Driving north through the South Australian outback, Coober Pedy appears on the horizon as a field of mounds, pipes, and rubble with no trees anywhere. The ground is pockmarked with thousands of mine shafts. From a distance it looks like a landscape that has been industrially excavated and then largely abandoned — which is, in a sense, accurate. The town was built on opal mining, and the opal mining shaped everything about it, including the fact that most of the 2,000 residents live underground in homes called dugouts. When surface temperatures regularly exceed 50°C in summer, the logic is hard to argue with. The Aboriginal name for the area is kupa piti: white man in a hole.

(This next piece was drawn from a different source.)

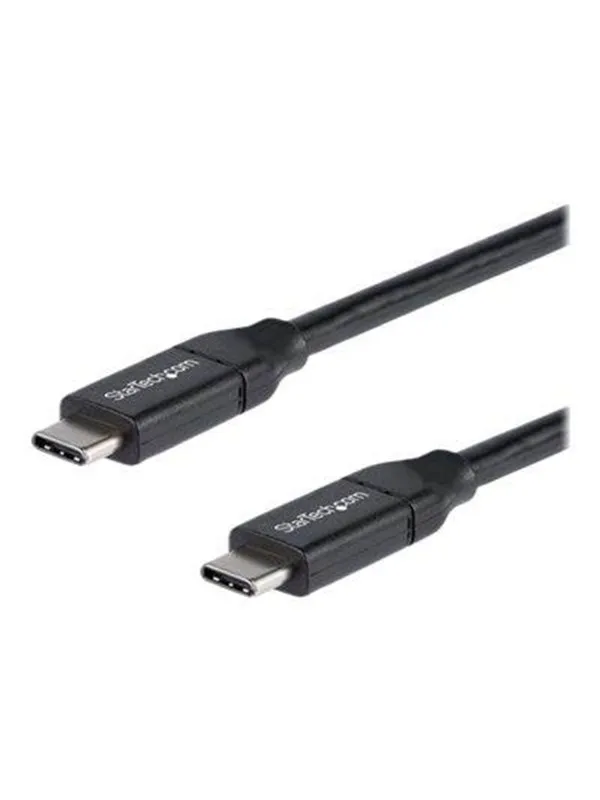 StarTech.com 2m 6ft USB C to USB C Cable - 5A PD - USB 2.0 USB-IF Certified - USB-C cable - 2 m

The Desert Cave Hotel is the most substantial property in town, and it occupies its position without pretence. The main lobby, bar, restaurant, swimming pool, and a good portion of the guest rooms are carved directly into the sandstone hill behind the main street. The rock here is the same pale cream and terracotta stone that produces the opals — and in the corridor walls and inside the rooms themselves, the milky gemstone seams are visible in the raw stone.
The Rooms
The underground rooms are practical rather than theatrical. The sandstone is present and visible, but the decoration is conventional hotel rather than cave aesthetic. The significant feature is environmental: no windows, no natural light, and a constant temperature of around 23°C regardless of the conditions above ground. In December, when the surface reads 52°C, that constancy is not a minor amenity. The rooms are also silent in the particular way that only underground spaces can be — no traffic, no wind, no ambient noise from anything.
The Opal Experience
The hotel’s underground showroom has a solid collection of raw and cut Coober Pedy opals, and it provides a useful orientation for anyone who has never seen quality opal in person. The colour shift in a good stone — green into blue into orange into red as the angle changes — is among the stranger visual experiences geology produces. Tours to working mines can be arranged, and fossicking on designated public land is legal, popular, and occasionally productive.
The Landscape
The Breakaways Reserve, 33 kilometres north, is the area’s other reason to come. A sequence of low flat-topped hills in red, ochre, and white, it is a landscape of complete and ancient stillness. At dusk, the colours deepen and shift through a range that photographs struggle to represent accurately. The South Australian outback at this distance from any city is not conventionally beautiful. It is something stranger and more lasting than that.
Desert Cave Hotel is not the most luxurious cave hotel in the world. It is an honest version of an extraordinary place — a town that would read as fiction if it were not entirely functioning and real.